Our retrospective study included 45 kidney transplant recipients in two French centers, transplanted between 2012 and 2017. All patients had at least one pre-formed DSA (MFI > 3000) within 6 months before transplantation. All patients received anti-thymocyte globulin, a calcineurin inhibitor, mycophenolate mofetil and steroids on the day of transplantation. 22 of these 45 patients also received 5 PE and one rituximab dose (group A), whereas the remaining 23 patients did not (group B). Patients were followed for 1 to 6 years after transplantation.

Results

Comparing group A to group B, recipients’ age (48±14 vs. 47±12 years), donors’ age (54±16 vs. 57±12 years), cold ischemia time (16±6 vs. 19±7 hours) and MFI of the immunodominant DSA (8735±4192 vs. 10106± 6015) were similar (p=ns for all).

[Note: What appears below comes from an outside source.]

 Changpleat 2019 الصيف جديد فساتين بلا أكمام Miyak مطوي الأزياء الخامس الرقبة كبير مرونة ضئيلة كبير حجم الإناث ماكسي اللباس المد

There was no overall difference in the rate of biopsy-proven acute rejection at 1 year post-transplantation (n=9, 41% in group A vs. n=7, 30% in group B). ABMR occurred in n=6 vs. n=7 patients, and T-cell mediated rejection was observed in n=3 vs. n=0 patients, respectively in groups A and B. There was no difference in graft survival rate at 1 year post-transplant (91% in group A vs. 83% in group B, p=ns). Finally, the incidence of infectious, anaphylactic, thrombotic or hemorrhagic events was similar between the two groups.

Conclusion

Our study suggests that an intensive induction immunosuppressive therapy using PE and rituximab during early post-transplantation period does not decrease ABMR incidence or improve 1-year graft survival in highly sensitized recipients. An effect of PE on anti-thymocyte globulin pharmacokinetics could not be excluded.